When you return the data, keep every word exact and include none of the images.

Short web captions:
•••

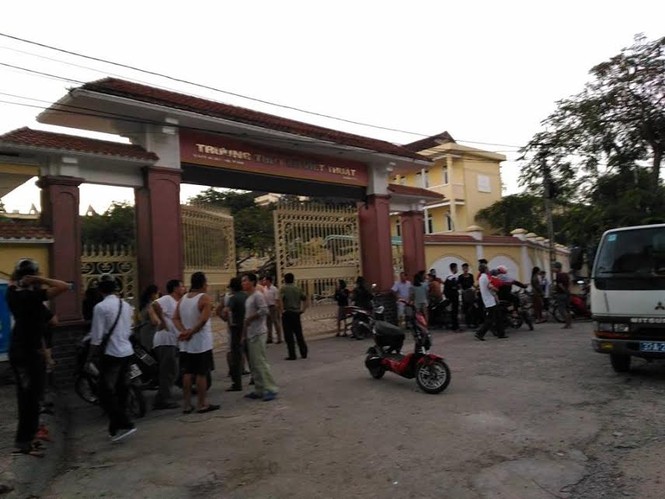 Cần cẩu đổ sập khiến một học sinh tử vong - ảnh 2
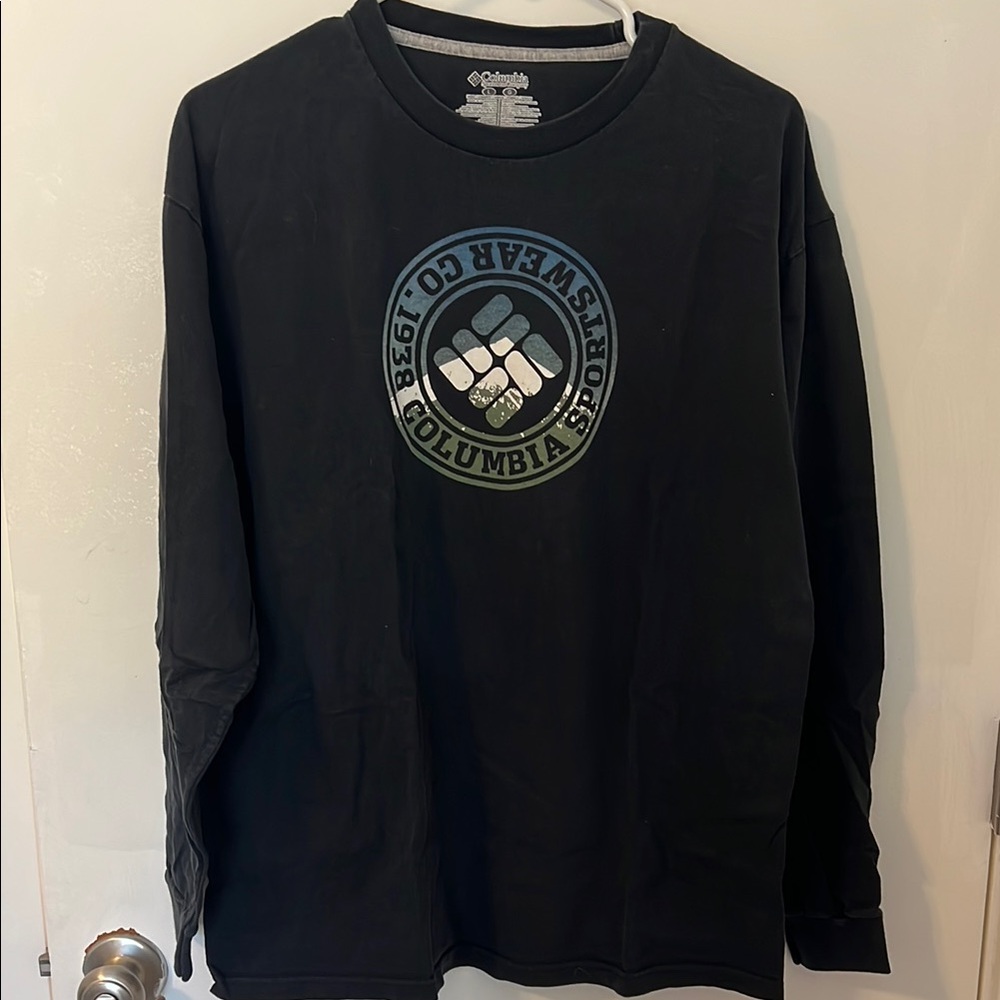 Columbia Black Graphic Long Sleeve Tee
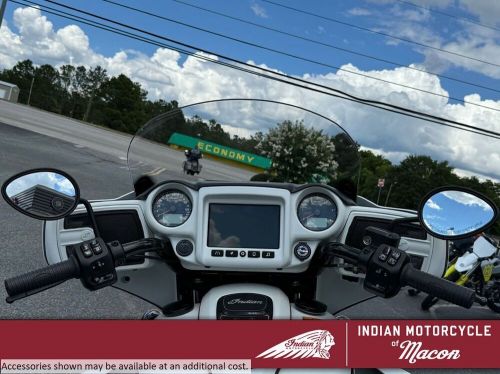 2021 Indian Motorcycle Roadmaster Dark Horse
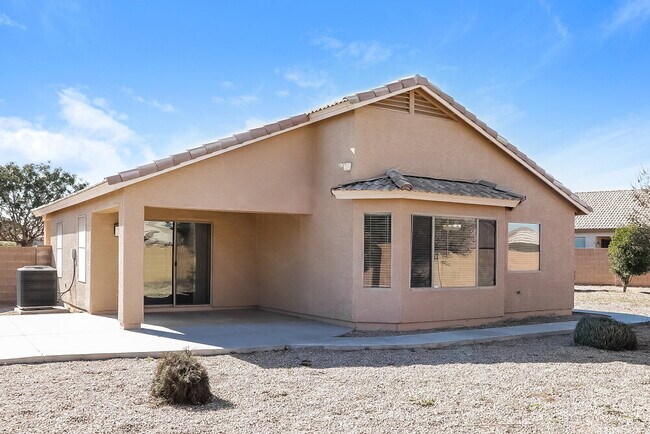 Building Photo - 3650 W Carlos Ln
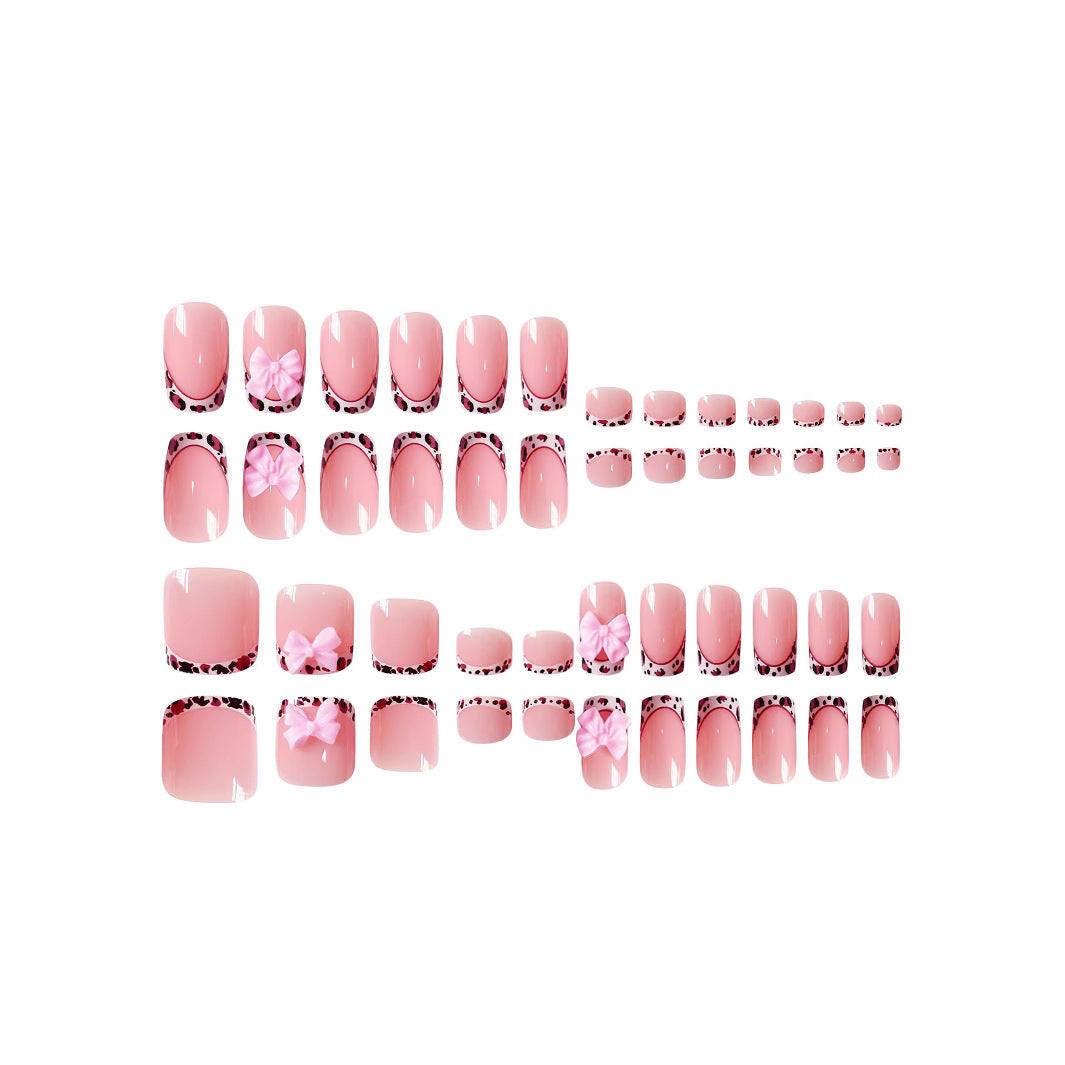 Dekoratives Nagelkunst-Design Karnz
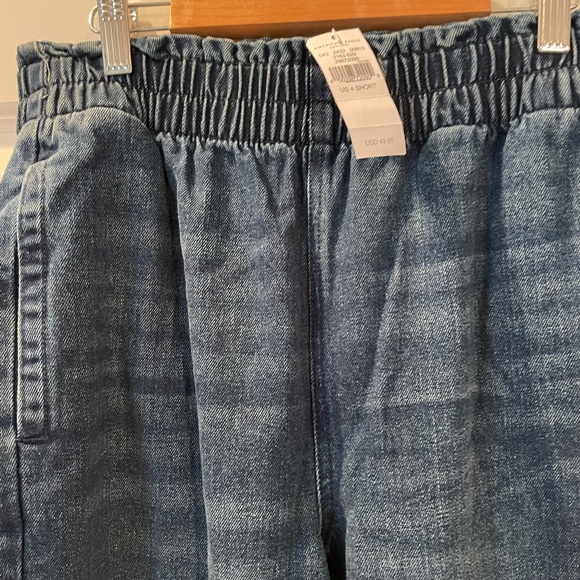 NWT dark wash, cropped wide leg AE jeans - Picture 3 of 3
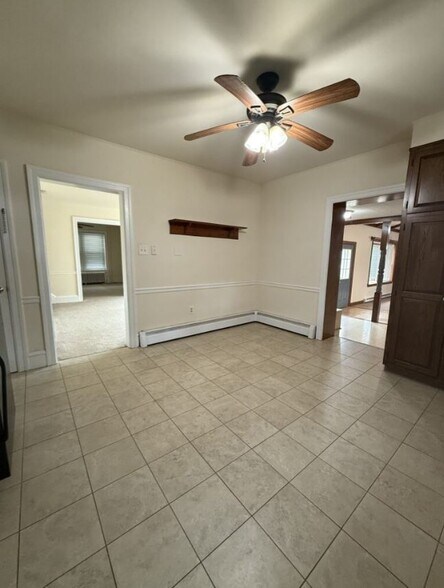 Building Photo - 405 Maple Ave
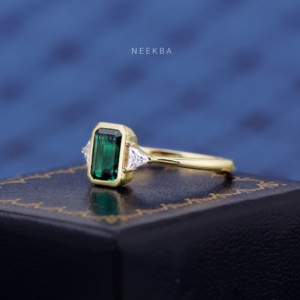 Anillo de tres piedras exclusivamente hecho a mano Forma de Esmeralda cultivada en laboratorio Anillo de oro sólido de 10K Anillo de ajuste de bisel en forma de Esmeralda - Product Image 3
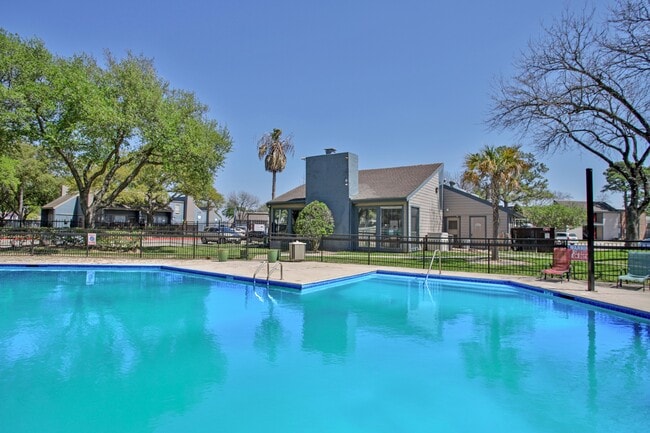 Casa Paz Apartments in Houston, TX - Building Photo - Building Photo
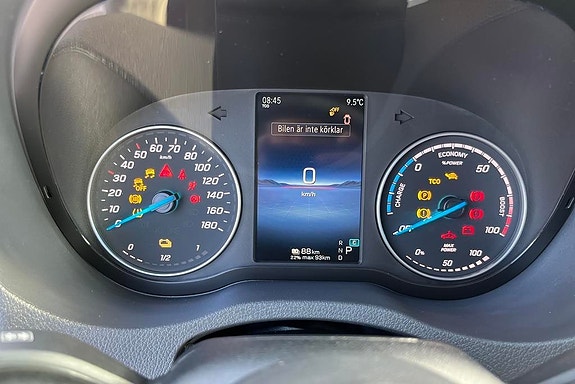 Mercedes-Benz eSprinter 420 10 of 14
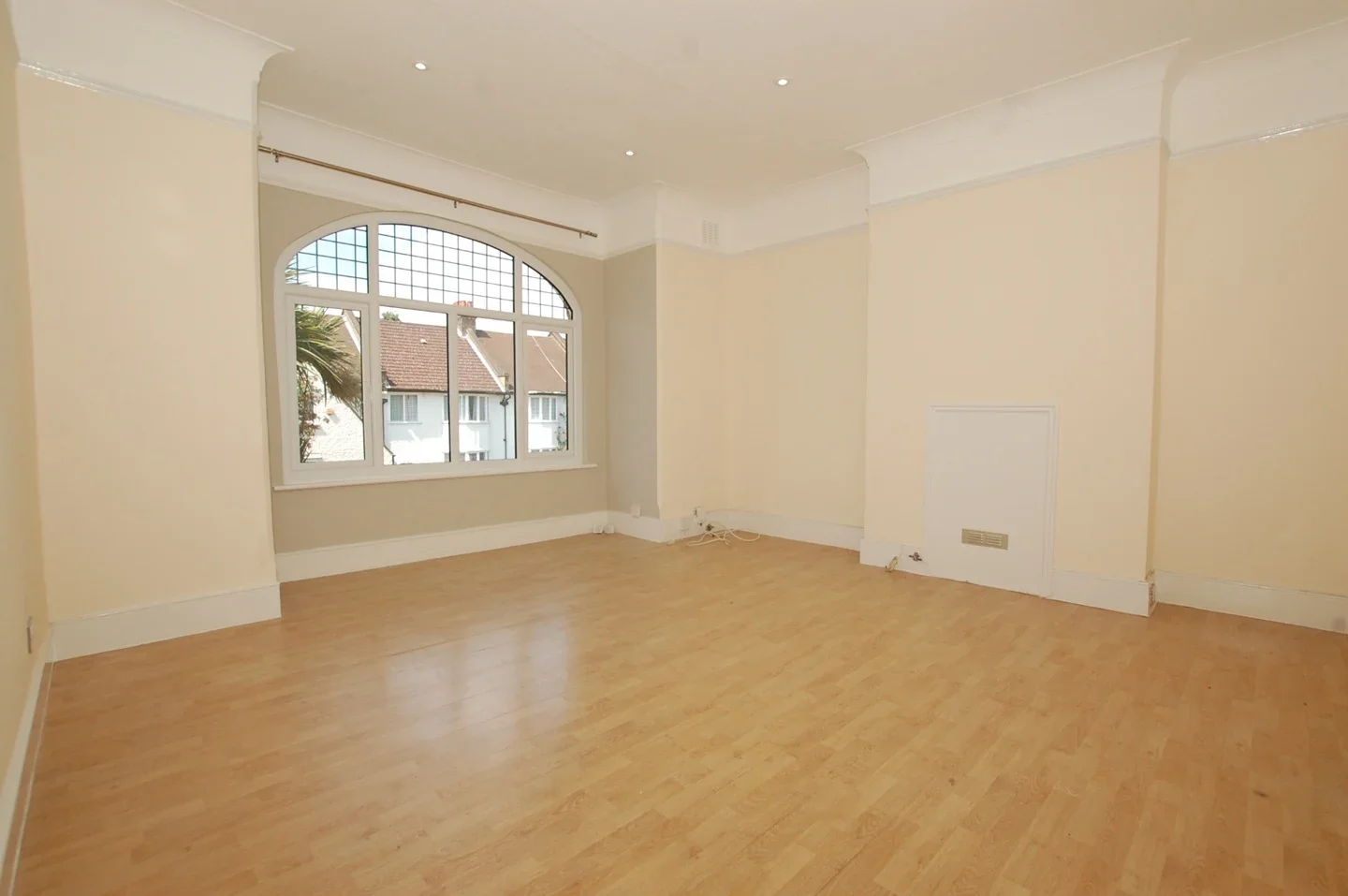Flat Tannsfeld Road in Greater London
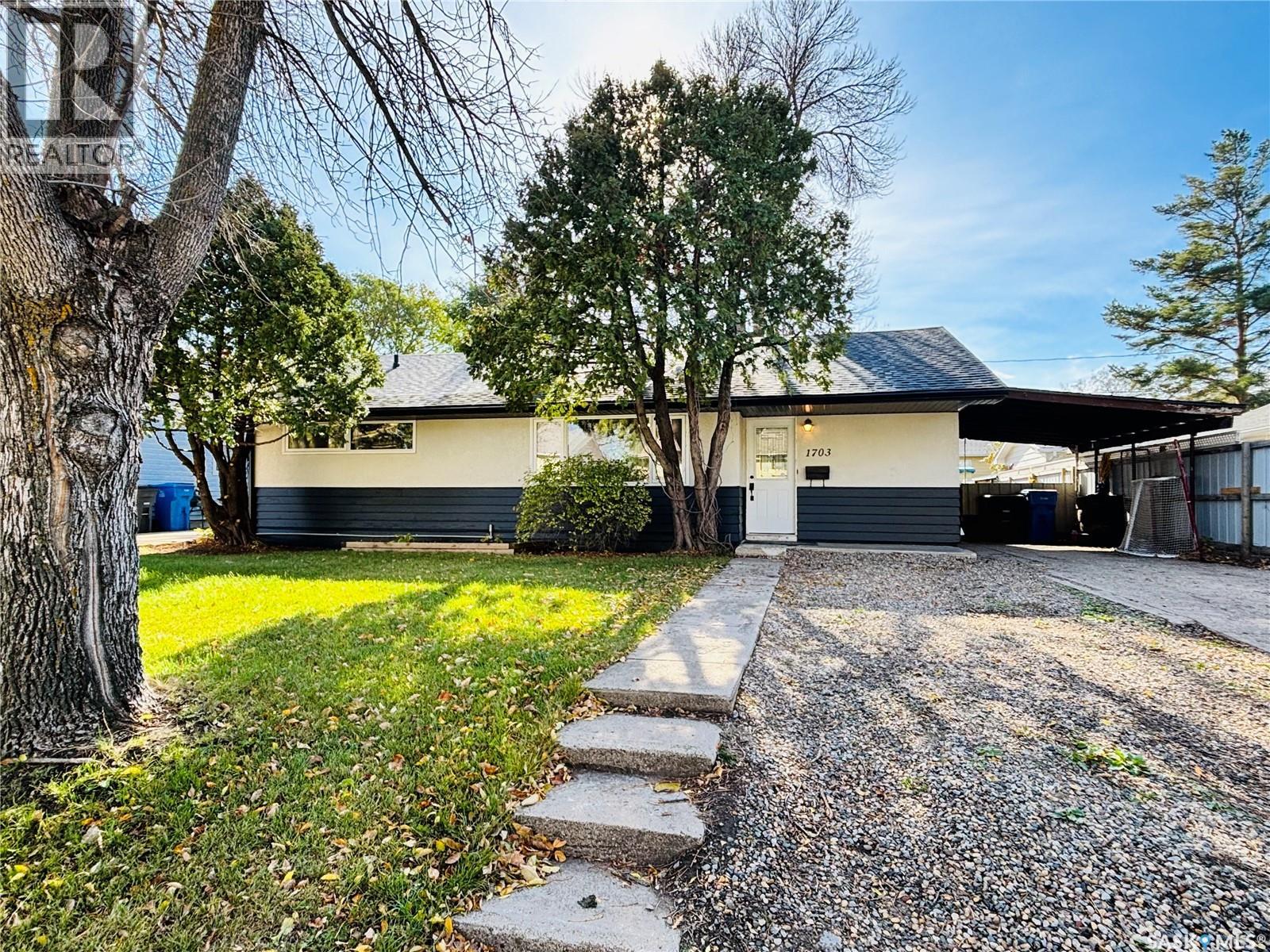 1703 McCormick CRESCENT, Estevan, Saskatchewan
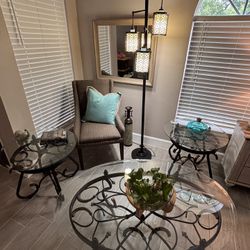  3-Piece Coffee Table Set – Great Condition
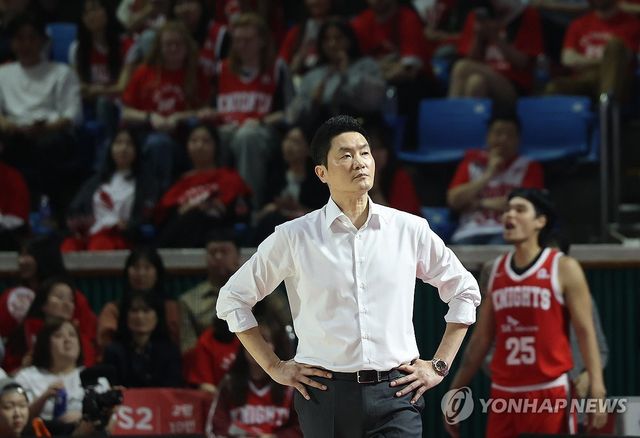 굳은 표정의 전희철 SK 감독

•••

### WRITTEN RESPONSE
 Cần cẩu đổ sập khiến một học sinh tử vong - ảnh 2
 Columbia Black Graphic Long Sleeve Tee
 2021 Indian Motorcycle Roadmaster Dark Horse
 Building Photo - 3650 W Carlos Ln
 Dekoratives Nagelkunst-Design Karnz
 NWT dark wash, cropped wide leg AE jeans - Picture 3 of 3
 Building Photo - 405 Maple Ave
 Anillo de tres piedras exclusivamente hecho a mano Forma de Esmeralda cultivada en laboratorio Anillo de oro sólido de 10K Anillo de ajuste de bisel en forma de Esmeralda - Product Image 3
 Casa Paz Apartments in Houston, TX - Building Photo - Building Photo
 Mercedes-Benz eSprinter 420 10 of 14
Flat Tannsfeld Road in Greater London
 1703 McCormick CRESCENT, Estevan, Saskatchewan
  3-Piece Coffee Table Set – Great Condition
 굳은 표정의 전희철 SK 감독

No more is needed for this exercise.